▸ **EXERCISE DIRECTIONS**
The pictures do not belong in the copy. Restate all of the records word for word.

▸ **ENTRIES SUPPLIED**
....

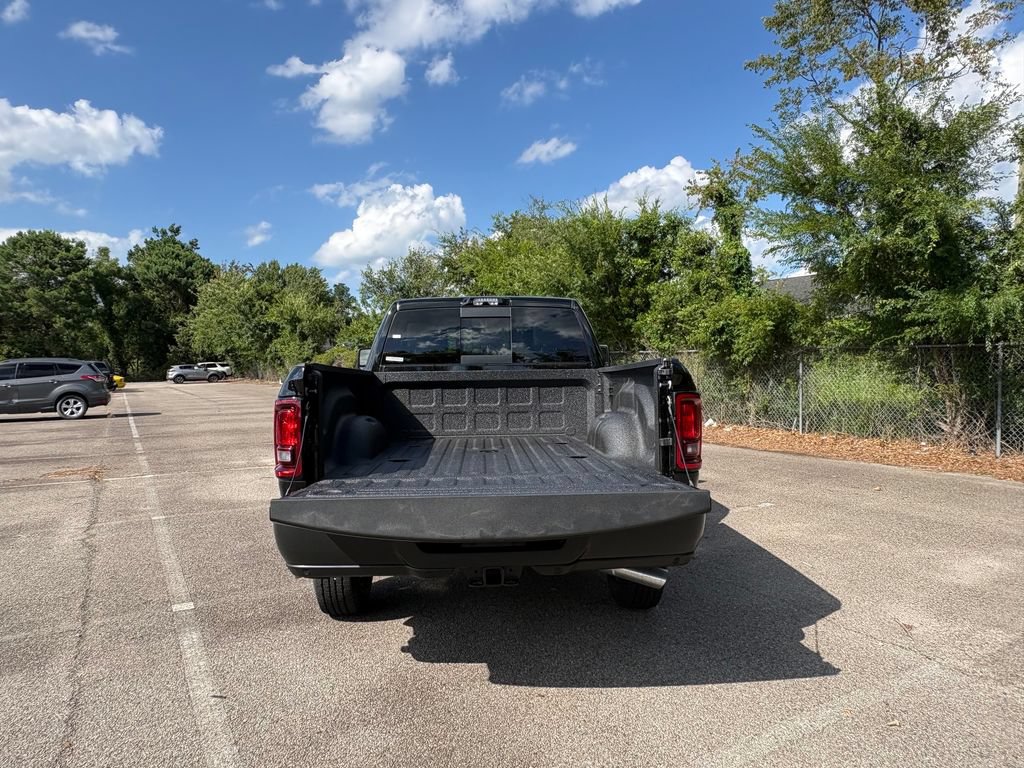New 2026 RAM 2500 Tradesman AWD/4WD image 21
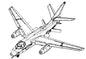 Trumpeter - Eka-3B Skywarrior 1:48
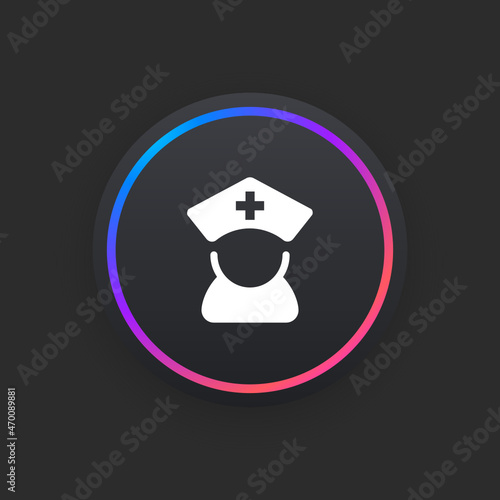 Doctor -  UI Icon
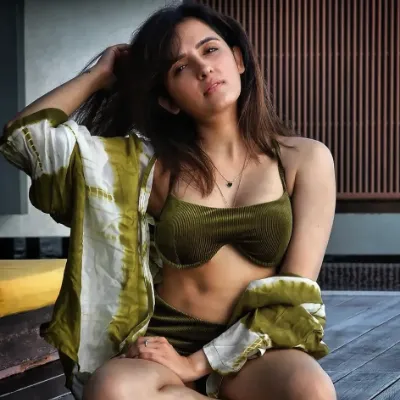 Chat with Shirley, the  character AI chatbot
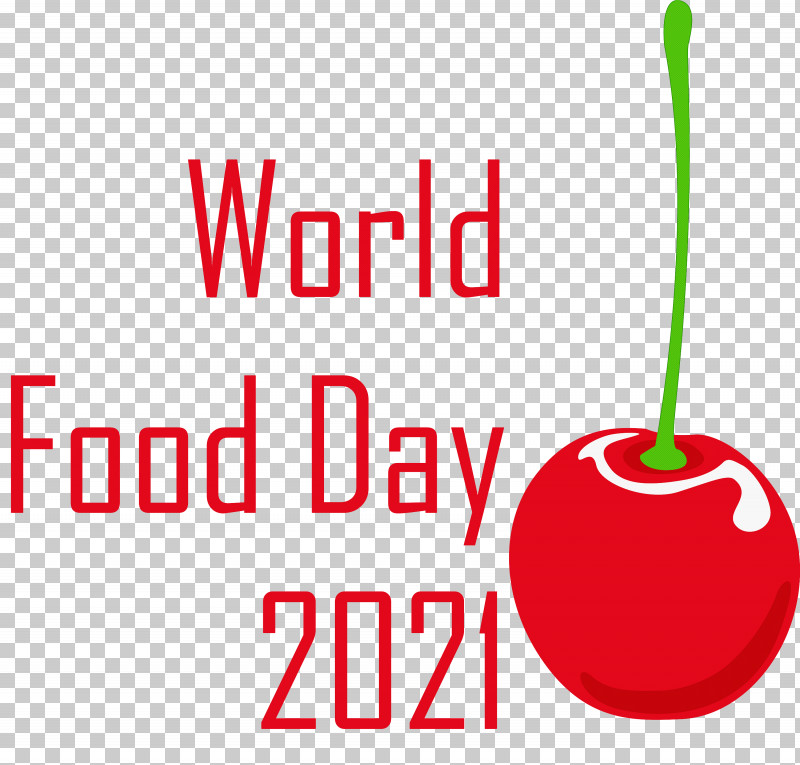 World Food Day Food Day PNG, Clipart, Cherry, Food Day, Fruit, Logo, Meter Free PNG Download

....

▸ **REPLY**
New 2026 RAM 2500 Tradesman AWD/4WD image 21
 Trumpeter - Eka-3B Skywarrior 1:48
 Doctor -  UI Icon
 Chat with Shirley, the  character AI chatbot
 World Food Day Food Day PNG, Clipart, Cherry, Food Day, Fruit, Logo, Meter Free PNG Download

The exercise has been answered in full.